### What you are asked to do
Retype all of the entries exactly as they appear.

##### Extracted records #####

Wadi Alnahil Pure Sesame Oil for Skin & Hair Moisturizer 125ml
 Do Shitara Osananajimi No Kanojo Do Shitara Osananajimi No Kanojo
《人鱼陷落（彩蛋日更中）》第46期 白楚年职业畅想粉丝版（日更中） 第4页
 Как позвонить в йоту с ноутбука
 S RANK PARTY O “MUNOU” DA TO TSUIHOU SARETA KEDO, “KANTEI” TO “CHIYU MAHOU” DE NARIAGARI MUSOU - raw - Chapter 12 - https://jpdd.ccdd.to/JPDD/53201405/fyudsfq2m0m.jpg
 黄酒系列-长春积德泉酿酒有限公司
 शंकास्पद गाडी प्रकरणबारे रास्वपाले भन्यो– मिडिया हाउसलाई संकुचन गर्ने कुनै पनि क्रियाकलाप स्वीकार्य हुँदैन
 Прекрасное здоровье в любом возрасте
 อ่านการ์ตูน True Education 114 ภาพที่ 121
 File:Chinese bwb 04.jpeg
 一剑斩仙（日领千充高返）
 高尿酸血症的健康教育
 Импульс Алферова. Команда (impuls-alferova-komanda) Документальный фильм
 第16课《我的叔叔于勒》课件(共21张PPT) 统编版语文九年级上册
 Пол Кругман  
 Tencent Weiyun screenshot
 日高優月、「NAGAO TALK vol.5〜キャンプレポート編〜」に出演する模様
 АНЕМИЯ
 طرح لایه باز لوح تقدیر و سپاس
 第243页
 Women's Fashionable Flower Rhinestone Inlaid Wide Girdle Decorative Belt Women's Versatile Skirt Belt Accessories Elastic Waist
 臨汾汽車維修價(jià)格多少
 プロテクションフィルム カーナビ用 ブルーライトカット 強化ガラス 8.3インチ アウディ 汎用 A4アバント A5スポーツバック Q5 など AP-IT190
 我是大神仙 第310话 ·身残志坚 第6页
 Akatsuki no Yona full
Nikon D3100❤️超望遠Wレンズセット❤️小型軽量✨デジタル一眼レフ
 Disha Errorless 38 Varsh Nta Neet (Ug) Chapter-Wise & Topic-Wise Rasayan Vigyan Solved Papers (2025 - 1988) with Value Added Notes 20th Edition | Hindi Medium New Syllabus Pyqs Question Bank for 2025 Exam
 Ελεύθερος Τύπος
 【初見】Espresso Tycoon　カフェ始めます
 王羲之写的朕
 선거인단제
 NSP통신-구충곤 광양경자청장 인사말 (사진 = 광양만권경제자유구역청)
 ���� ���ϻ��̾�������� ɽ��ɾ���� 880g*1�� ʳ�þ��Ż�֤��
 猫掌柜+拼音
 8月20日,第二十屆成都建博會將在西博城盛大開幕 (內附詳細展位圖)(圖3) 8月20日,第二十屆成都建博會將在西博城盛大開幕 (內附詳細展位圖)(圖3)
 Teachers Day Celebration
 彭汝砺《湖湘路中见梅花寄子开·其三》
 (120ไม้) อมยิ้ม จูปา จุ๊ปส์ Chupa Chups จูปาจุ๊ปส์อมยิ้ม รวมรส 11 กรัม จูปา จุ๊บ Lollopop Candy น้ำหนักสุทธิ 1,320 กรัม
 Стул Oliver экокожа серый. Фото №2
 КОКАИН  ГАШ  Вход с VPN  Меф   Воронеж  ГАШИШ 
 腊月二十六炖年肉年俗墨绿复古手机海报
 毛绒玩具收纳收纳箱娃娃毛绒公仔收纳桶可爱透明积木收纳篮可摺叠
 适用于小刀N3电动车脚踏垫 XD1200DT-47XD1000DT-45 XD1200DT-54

#####

### Output of the exercise
Wadi Alnahil Pure Sesame Oil for Skin & Hair Moisturizer 125ml
 Do Shitara Osananajimi No Kanojo Do Shitara Osananajimi No Kanojo
《人鱼陷落（彩蛋日更中）》第46期 白楚年职业畅想粉丝版（日更中） 第4页
 Как позвонить в йоту с ноутбука
 S RANK PARTY O “MUNOU” DA TO TSUIHOU SARETA KEDO, “KANTEI” TO “CHIYU MAHOU” DE NARIAGARI MUSOU - raw - Chapter 12 - https://jpdd.ccdd.to/JPDD/53201405/fyudsfq2m0m.jpg
 黄酒系列-长春积德泉酿酒有限公司
 शंकास्पद गाडी प्रकरणबारे रास्वपाले भन्यो– मिडिया हाउसलाई संकुचन गर्ने कुनै पनि क्रियाकलाप स्वीकार्य हुँदैन
 Прекрасное здоровье в любом возрасте
 อ่านการ์ตูน True Education 114 ภาพที่ 121
 File:Chinese bwb 04.jpeg
 一剑斩仙（日领千充高返）
 高尿酸血症的健康教育
 Импульс Алферова. Команда (impuls-alferova-komanda) Документальный фильм
 第16课《我的叔叔于勒》课件(共21张PPT) 统编版语文九年级上册
 Пол Кругман  
 Tencent Weiyun screenshot
 日高優月、「NAGAO TALK vol.5〜キャンプレポート編〜」に出演する模様
 АНЕМИЯ
 طرح لایه باز لوح تقدیر و سپاس
 第243页
 Women's Fashionable Flower Rhinestone Inlaid Wide Girdle Decorative Belt Women's Versatile Skirt Belt Accessories Elastic Waist
 臨汾汽車維修價(jià)格多少
 プロテクションフィルム カーナビ用 ブルーライトカット 強化ガラス 8.3インチ アウディ 汎用 A4アバント A5スポーツバック Q5 など AP-IT190
 我是大神仙 第310话 ·身残志坚 第6页
 Akatsuki no Yona full
Nikon D3100❤️超望遠Wレンズセット❤️小型軽量✨デジタル一眼レフ
 Disha Errorless 38 Varsh Nta Neet (Ug) Chapter-Wise & Topic-Wise Rasayan Vigyan Solved Papers (2025 - 1988) with Value Added Notes 20th Edition | Hindi Medium New Syllabus Pyqs Question Bank for 2025 Exam
 Ελεύθερος Τύπος
 【初見】Espresso Tycoon　カフェ始めます
 王羲之写的朕
 선거인단제
 NSP통신-구충곤 광양경자청장 인사말 (사진 = 광양만권경제자유구역청)
 ���� ���ϻ��̾�������� ɽ��ɾ���� 880g*1�� ʳ�þ��Ż�֤��
 猫掌柜+拼音
 8月20日,第二十屆成都建博會將在西博城盛大開幕 (內附詳細展位圖)(圖3) 8月20日,第二十屆成都建博會將在西博城盛大開幕 (內附詳細展位圖)(圖3)
 Teachers Day Celebration
 彭汝砺《湖湘路中见梅花寄子开·其三》
 (120ไม้) อมยิ้ม จูปา จุ๊ปส์ Chupa Chups จูปาจุ๊ปส์อมยิ้ม รวมรส 11 กรัม จูปา จุ๊บ Lollopop Candy น้ำหนักสุทธิ 1,320 กรัม
 Стул Oliver экокожа серый. Фото №2
 КОКАИН  ГАШ  Вход с VPN  Меф   Воронеж  ГАШИШ 
 腊月二十六炖年肉年俗墨绿复古手机海报
 毛绒玩具收纳收纳箱娃娃毛绒公仔收纳桶可爱透明积木收纳篮可摺叠
 适用于小刀N3电动车脚踏垫 XD1200DT-47XD1000DT-45 XD1200DT-54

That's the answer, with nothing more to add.